La mal llamada crisis económica se ha prolongado en Europa a lo largo de los seis últimos años. No todos los países de la Unión están afectados y los que lo están, no la sufren con igual intensidad. Sin embargo, si existe un factor común: la incertidumbre sobre el futuro de la Unión. Incluso los campeones del europeísmo, los alemanes, acumulan dudas crecientes sobre  la oportunidad de mantenerse unidos. Ya no es una crisis puramente económica, tampoco lo es política, al menos a nivel de la Unión al no existir tal unidad. Hablamos de una crisis de identidad si alguna vez la hubo, pero sobre todo de una crisis aguda de liderazgo.

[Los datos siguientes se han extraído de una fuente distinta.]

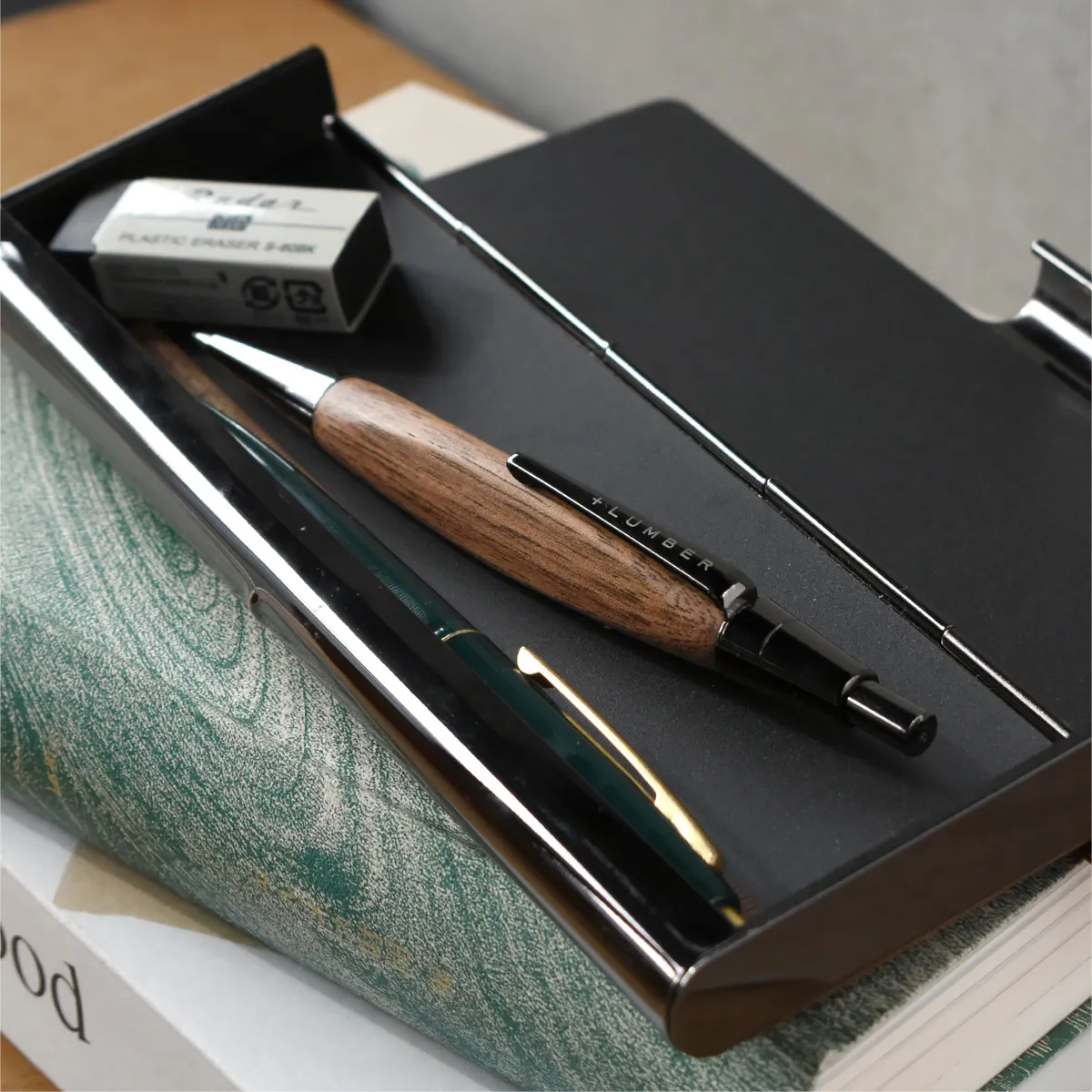 名入れ刻印込み】三角木製ボールペン＆シャープペンシル ギフトセット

Todos sabemos que sólo un liderazgo sólido puede salvar a Europa de un declive de consecuencias incalculables. Todos sabemos y prácticamente aceptamos que debe ser Alemania quien asuma ese reto, pero el problema reside en la forma en la que los alemanes están intentando ejercerlo que no es otra que la de un liderazgo estructural o lo que es lo mismo, la imposición de una interpretación del problema así como de su solución única e incontestable. Esta interpretación es de sobra conocida y se basa en el gasto incontrolado de los países periféricos de la Unión así como sus bajos niveles de competitividad. La solución también es sobradamente conocida: austeridad, austeridad y más austeridad combinada con reformas estructurales de gran calado.

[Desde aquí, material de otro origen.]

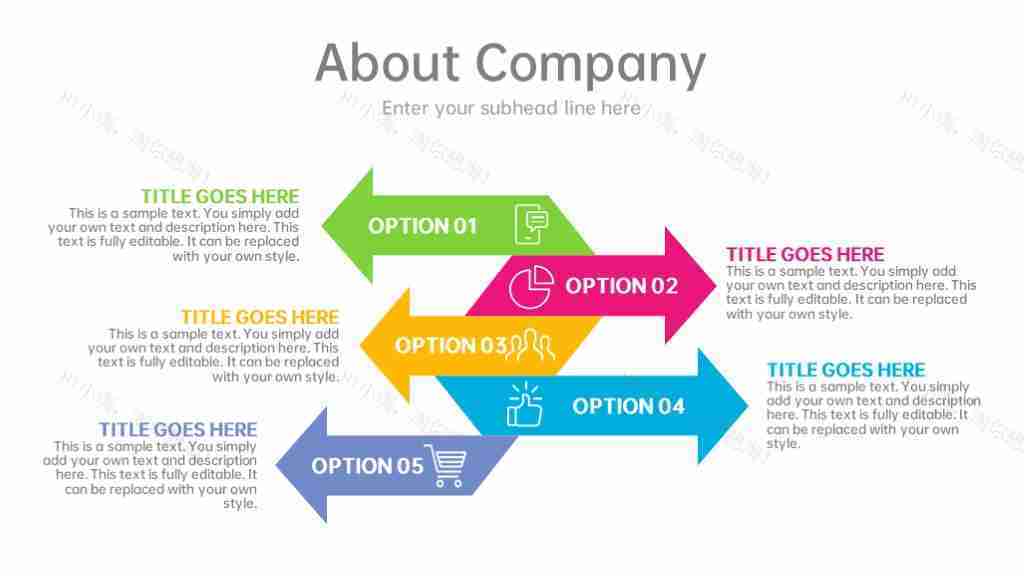 多彩商务数据图表合集占比分析PPT图表模板-8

Poco a poco, el modelo alemán se está imponiendo en una Unión que hasta ahora practicaba el anglosajón clásico.. El nuevo ordoliberalismo germano se basa en la presencia de un Estado fuerte que garantice una política presupuestaria equilibrada así como una baja deuda pública, huye de la inflación que debe ser controlada por un banco central y prefiere las exportaciones al consumo interno como motor de crecimiento.
La cuestión no radica en el desacierto de la interpretación que, aceptémoslo, es correcta, sino en las formas de imponerlo dentro de un marco de cooperación entre supuestamente iguales como es el caso de la Unión.  Una vez más, nos enfrentamos al fantasma de la unión política que nadie desea, pero sin ella será difícil aceptar los argumentos germanos sin caer en la tentación de percibir un “tercer intento”. Alemania debe descubrir de una vez por todas la sutil diferencia entre gestionar y liderar. Cuando lo haga, Europa comenzará a tener un horizonte y un nuevo muro habrá caído.

Posdata

Desayunar en las frescas mañanas de verano en Berlín siempre es un placer, pero lo fue aún más hacerlo en compañía de mi buena amiga y colega Astrid Moix, berlinesa de corazón.